Clarence “Gatemouth” Brown – Timeless
The first time I saw Clarence “Gatemouth” Brown play live some years back, I was amused to see him puffing away on the same kind of pipe as my dad. The joke got even better when I went back to interview Brown between sets, and discovered the tobacco he’d been stuffing into that pipe wasn’t exactly Borkum Riff.
Brown has always been the freest of spirits, defying genre boundaries in as carefree and casually eccentric a manner as his consumption habits. Timeless is another tough-to-classify effort from the 80-year-old Texas bluesman — though one hesitates to call him a bluesman, given how much else he does, and does well.

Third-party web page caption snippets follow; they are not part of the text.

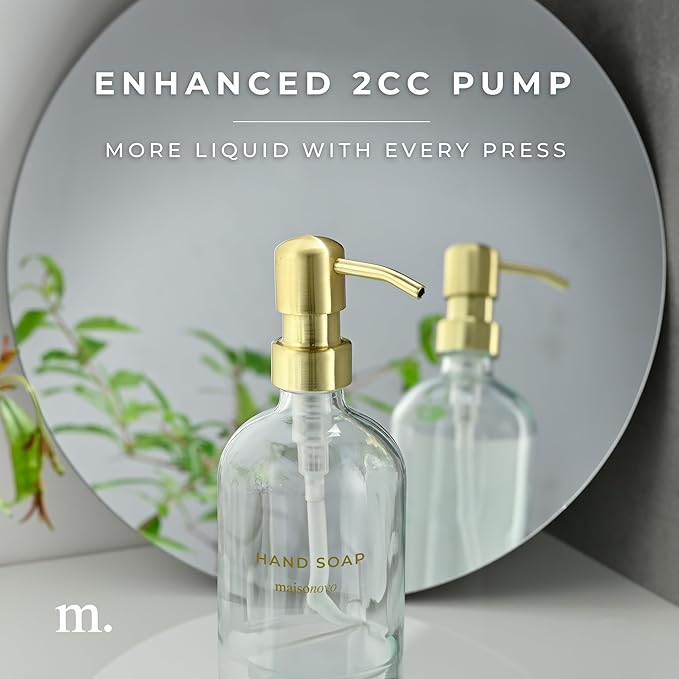 MaisoNovo Soap Dispenser 2-Piece Set | 16.9oz Clear Bottles - Image 5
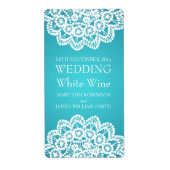 エレガントなウェディングワインラベルヴィンテージレースブルー ラベル (正面)
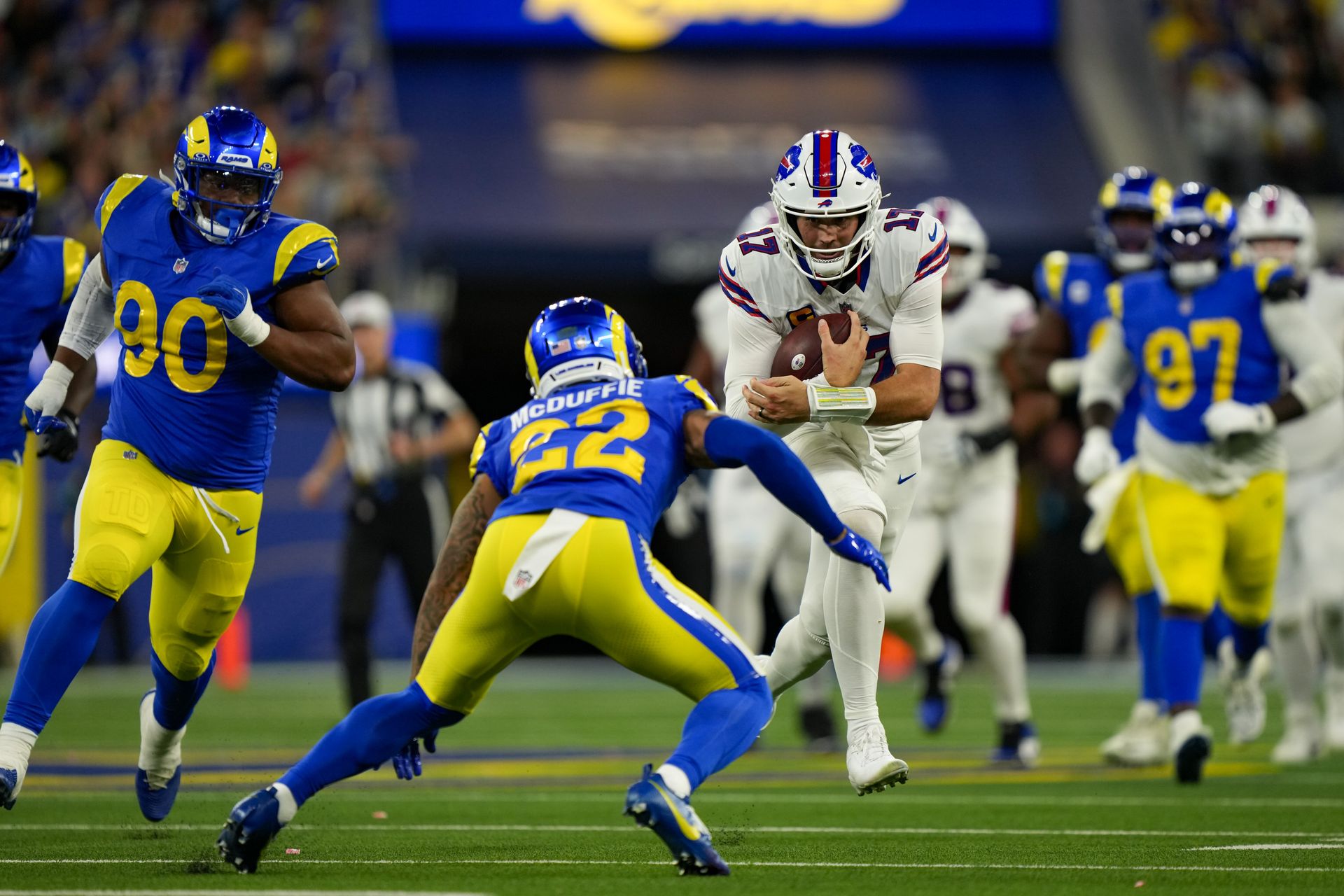 Josh Allen Carries the Ball Against the Rams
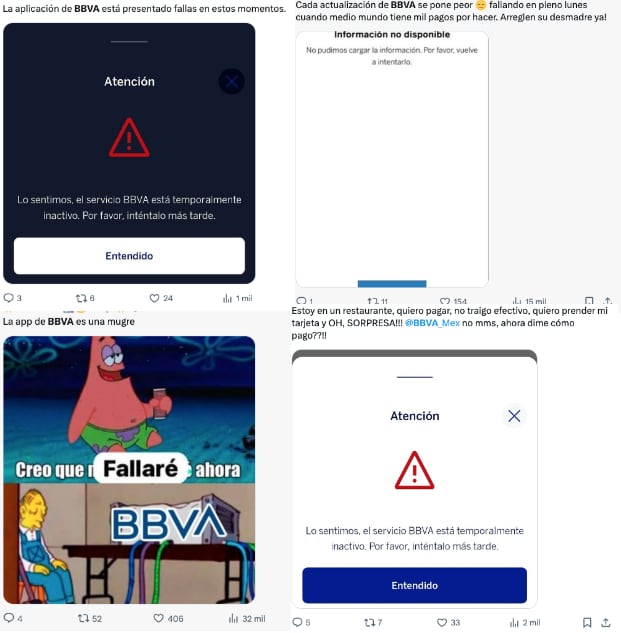 Afectados comparten mensajes sobre las fallas en app y servicios de BBVA hoy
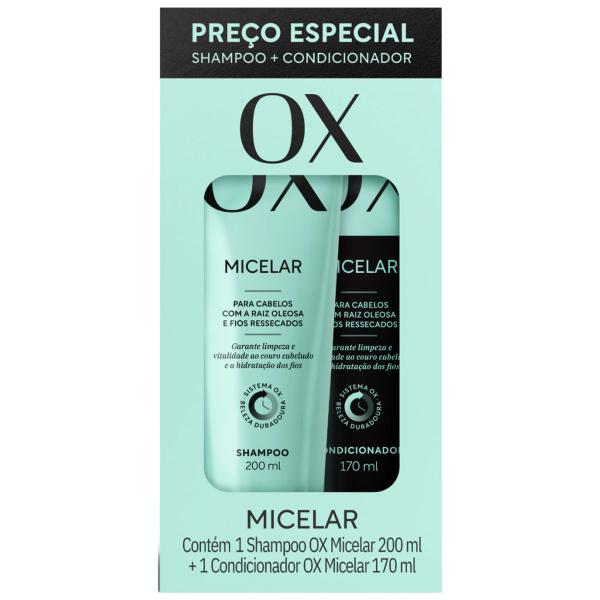 Imagem de Shampoo Ox Micelar 200ml + Condicionador Ox Micelar 170ml OX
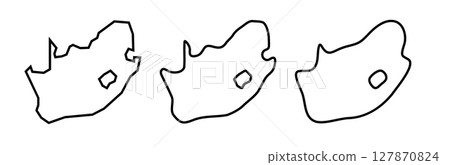 South Africa country black outline silhouettes in three different levels of smoothness. Simplified maps. Vector icons isolated on white background. 127870824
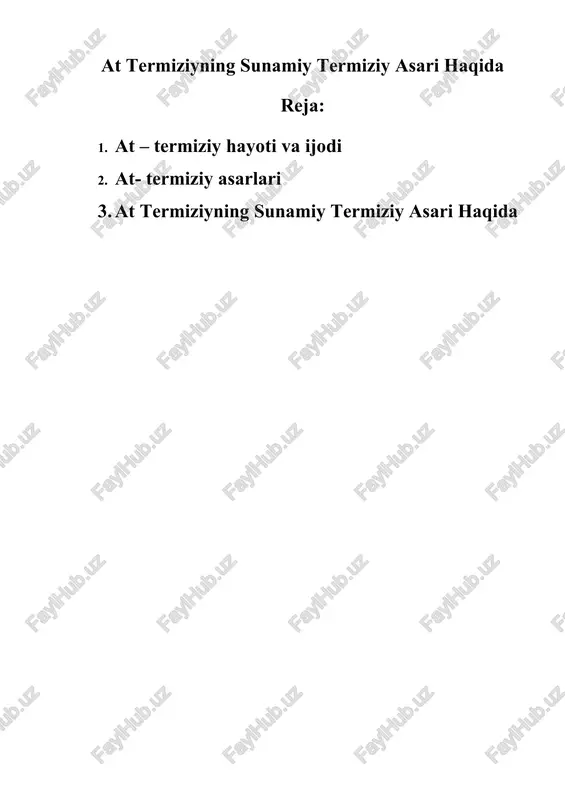 at termiziyning sunamiy termiziy asari haqida — DOCX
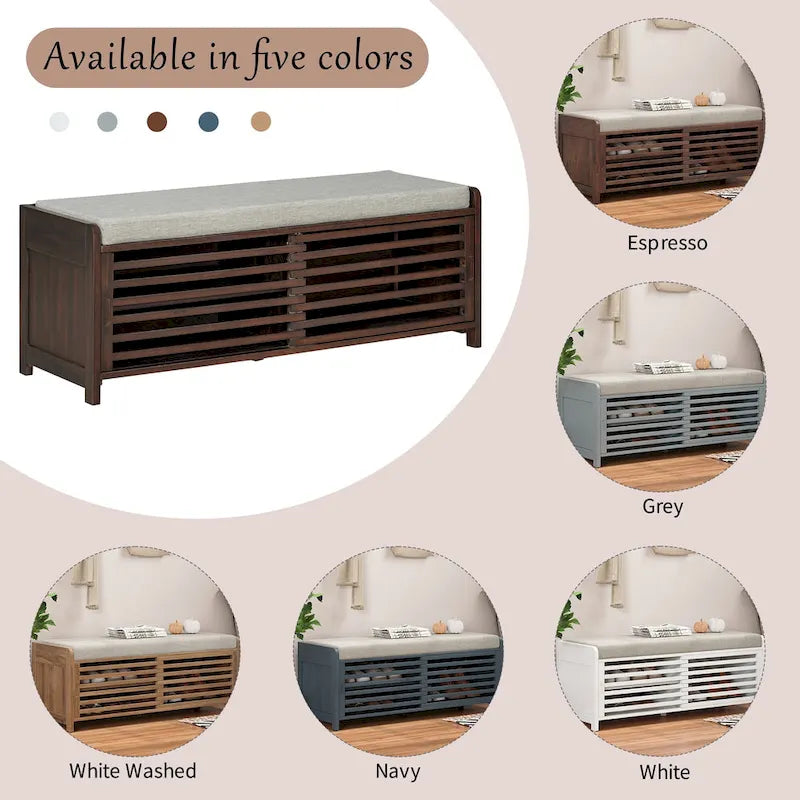 Distressed Shutter Shoe Bench with Storage & Cushion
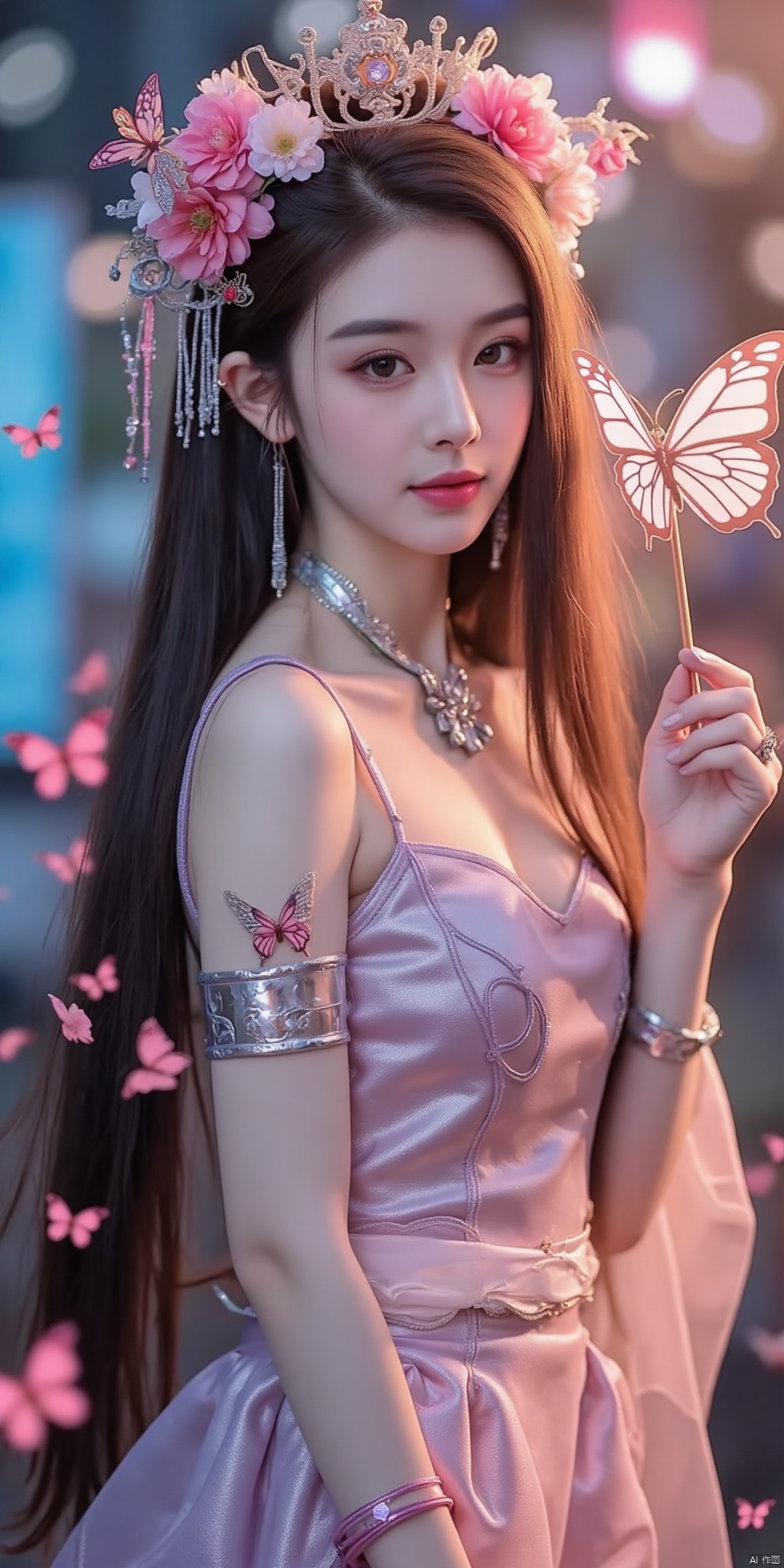(((masterpiece))), ((the best quality, super fine illustrations, beautiful and delicate water)),Depth of field, fine 8KCG wallpapers, ( delicate light), ((cinematic lighting)),(portrait),Portrait lens,(((Alphonse Mucha))),((Fantasy style)),((shine)),(((Tarot card)))(young girl),(((China_Cheongsam))),(delicate eyelash),((cute anime face)),(extremely delicate and beautiful),(hair_flower),(Gem),(crystal),((colored inner long hair)),(multicolored),(beautiful detailed face ),((( detailed long hair ))),floating long hair,gradient hair,(lace),(ribbon),((crown)),(detailed cloth)((Butterfly)),(detailed Butterfly) ,(multicolored Butterfly),(neon palette),((detailed flowers)) ,((multicolored flowers)),(flowers_Surrounded),(Butterfly_Surrounded)(((Flowers fill the screen))),((Fill the screen)), yilin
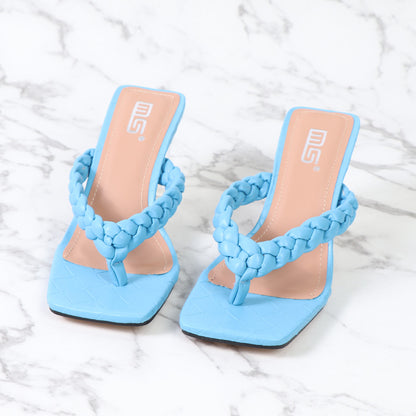 Summer New Style European And American Crystal Heel Comfortable Flip Flops
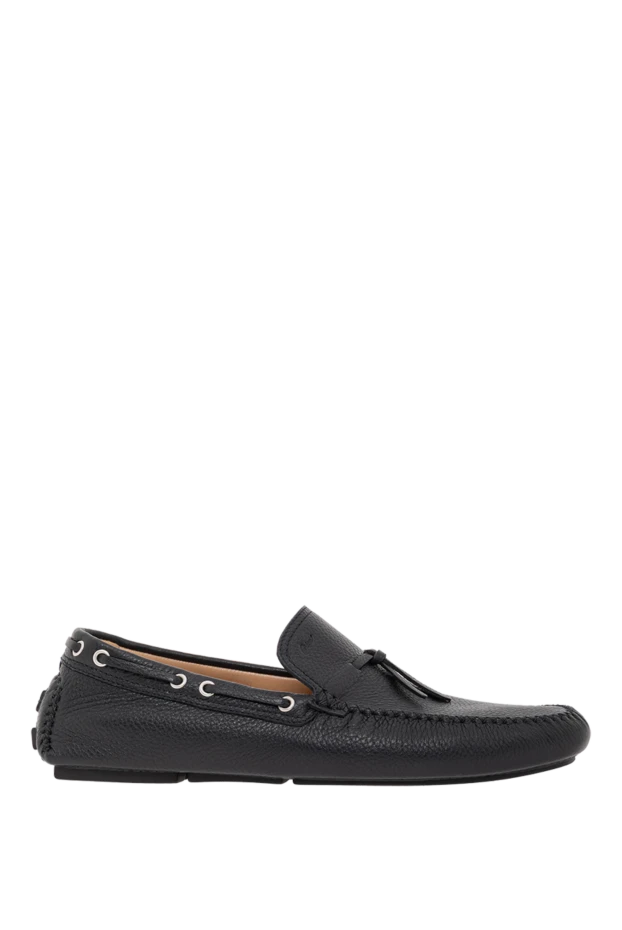 Men's black grain leather loafers with decorative lacing - photo 1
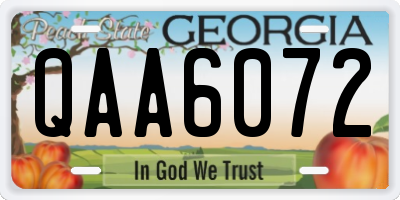 GA license plate QAA6072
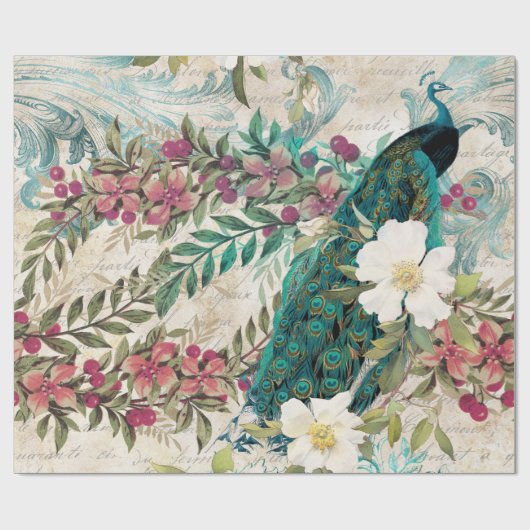 ヴィンテージティール(緑がかった色)ピーコックとピンクフローラ ラッピングペーパー (フラット)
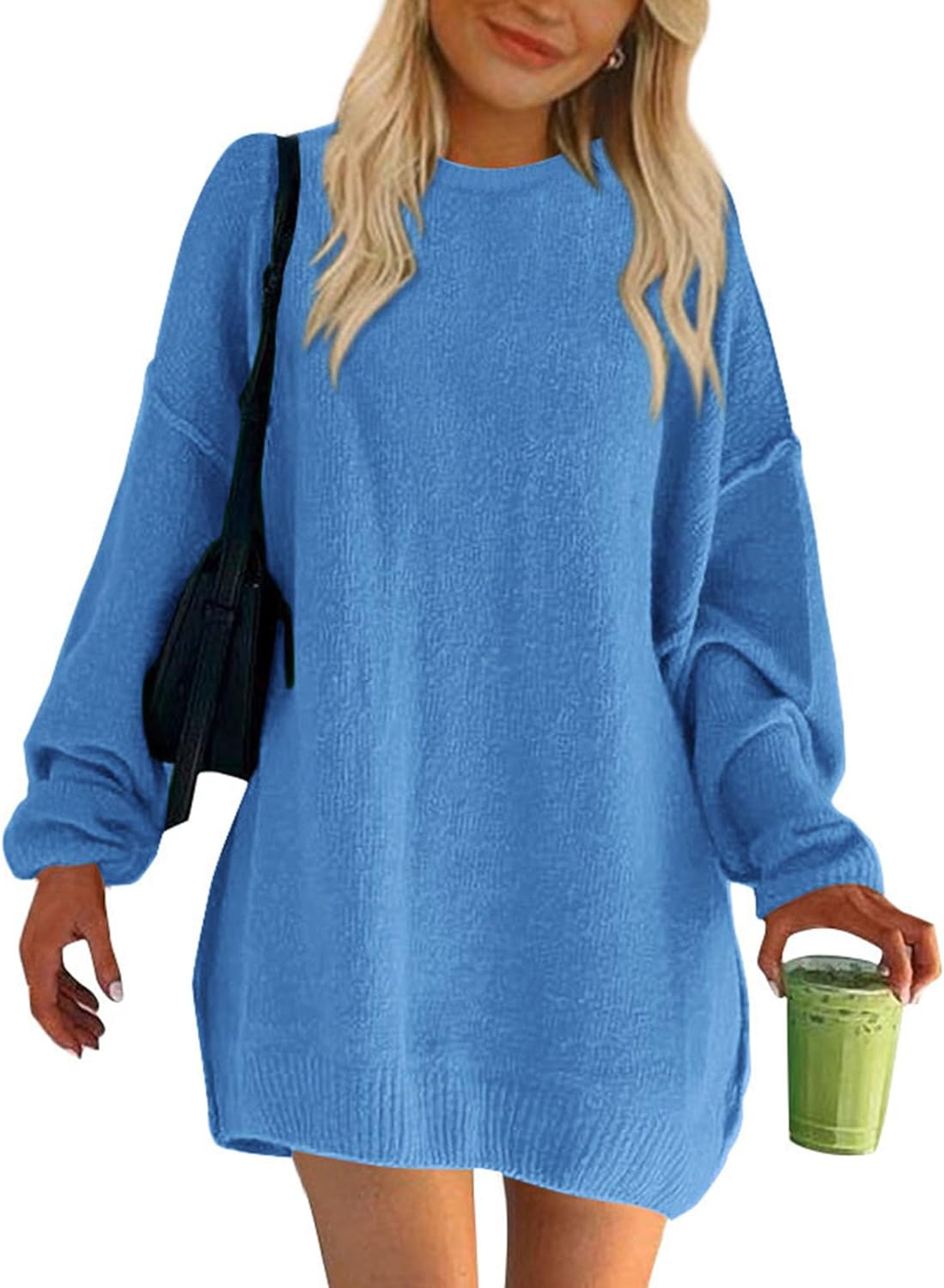 BTFBM 2024 Womens Sweaters Casual Crewneck Long Sleeve Oversized Sweater Dress Fall Winter Loose Slouchy Soft Pullover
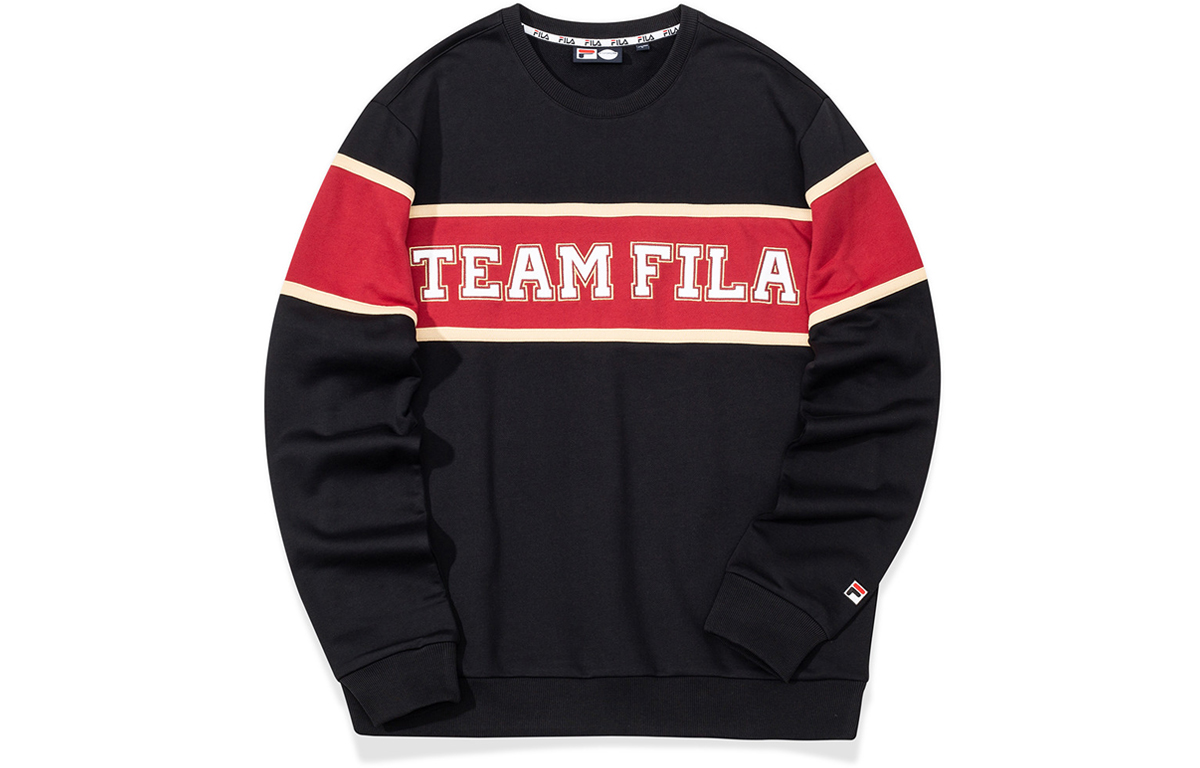 FILA Retro Embroidered Colorblock Pullover Sweatshirt - Black T11M032214F-BK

Timeless includes jazzy covers of Duke Ellington’s “Satin Doll” and Joe Zawinul’s “Mercy, Mercy, Mercy”, a couple of country-picking workouts that would make Chet Atkins proud, and ample amounts of Brown playing fiddle as well as guitar. There’s also a long and meandering version of “Unchained Melody”, which Brown turns into a conga-line workout.
But that’s nothing compared to “The Drifter — Spoken Intro”, a spiel that apparently just baffled the crowd Brown recorded it in front of (at one point, Brown asks, “What’re you laughin’ at, lady?”). It sounds like he’s either getting in touch with his inner Sun Ra, or showing the effects of all that pipe-smoking.
Fortunately, Brown follows that up with a wicked version of his signature song, “The Drifter”. Give the man enough time, and he’ll make it worth your while.